Anchor insights in action.
Even the smallest shift—a boundary honored, a truth spoken, a pattern gently released—becomes a sentence written in the story of your becoming. Over time, these choices accumulate, aligning you more fully with your inner compass.

The Ritual of Journaling: Give your insights a place to land.
Before closing your practice, take a few minutes to journal. Writing becomes a bridge between the inner experience and the outer life—a way of honoring what surfaced, even if it feels incomplete or mysterious. You might capture a single image, a phrase, a sensation, or a moment of clarity. There is no right way to do this. The purpose is simply to give voice to what emerged, to witness it with compassion and curiosity. Over time, these written reflections become a map of your unfolding, revealing patterns, shifts, and invitations you might have otherwise missed.
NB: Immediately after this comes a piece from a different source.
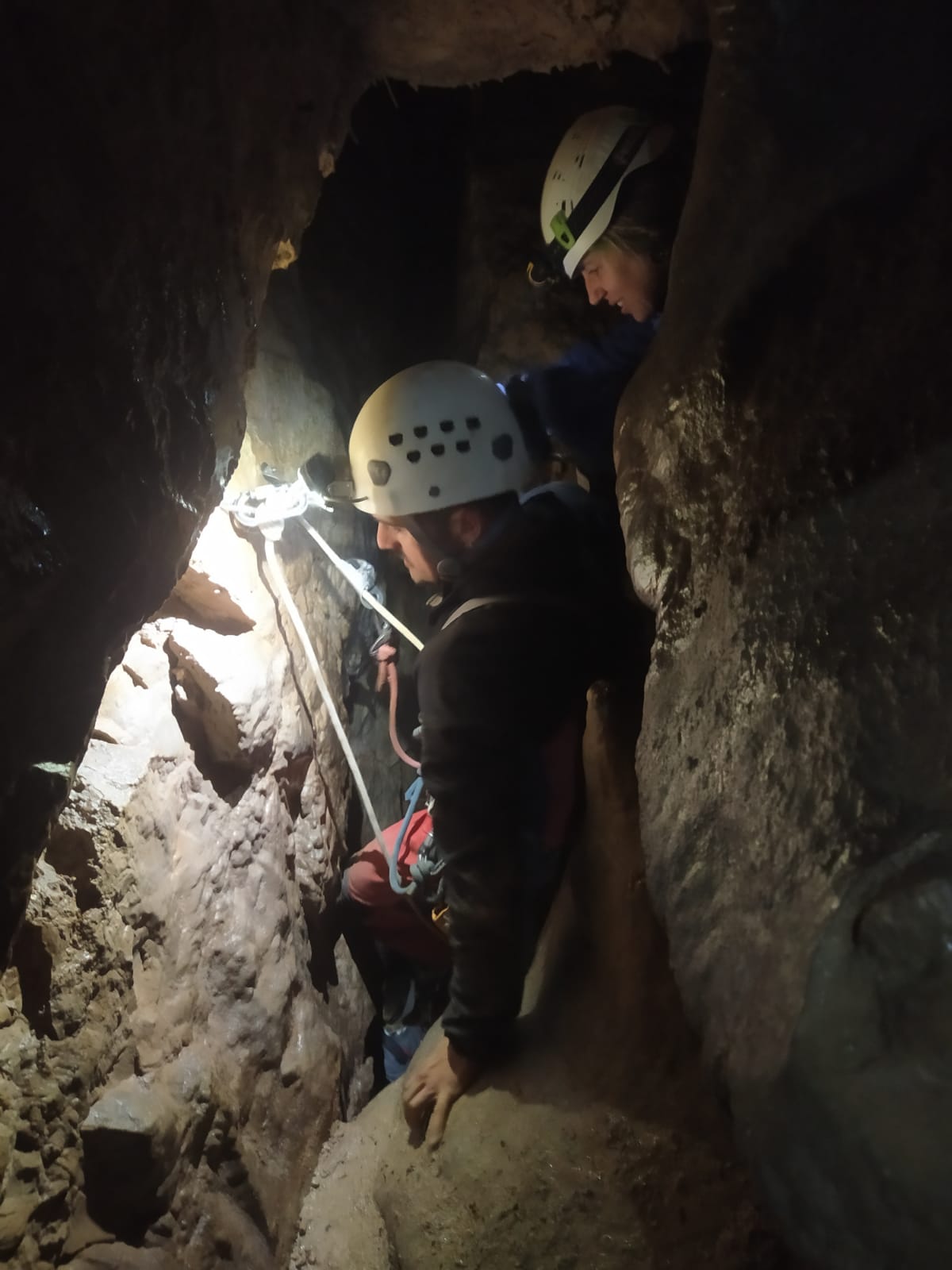 Llevada a cabo la formación en Espeleología Vertical del mes de junio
Self-authorship is not a destination but a living relationship with yourself. It’s a practice of presence, honesty, and courage—a willingness to meet yourself again and again, posture by posture, breath by breath, moment by moment. You are both the author and the emerging story. And the more you listen, the more clearly the next lines reveal themselves

CUYA Meditation is inspired by the same sources that guided Dr. Felicitas Goodman’s pioneering research—prehistoric art and artifacts depicting body positions used as ritual instructions. These images, etched into stone or shaped from clay, offer us a glimpse into how our ancestors engaged body, spirit, and mystery.

Whereas the Institute’s established posture practice combines body position with rhythmic sound induction to enter trance states and visionary experience, Cuya Meditation stands independently. It is a form of mindfulness meditation rooted in these ancient body positions but practiced without sound induction. Here, the postures themselves become the meditation—an embodied stillness that invites presence, clarity, and a gentle sense of the sacred.

This practice is not about journeying outward but about resting inward. In Cuya Meditation, the body is both anchor and guide. Simply by holding a posture with awareness, one can step out of distraction and into a quiet, spacious state of being.

As a new and distinct offering, Cuya Meditation honors the lineage of our Institute’s work while extending it into fresh territory. It provides a way for practitioners to engage with ancient ritual forms in a contemplative, mindful manner that resonates with modern seekers of presence and inner calm.

What makes Cuya Meditation unique is that the body postures come from ancient ritual sources, giving it a cultural and archetypal depth not found in many contemporary mindfulness approaches.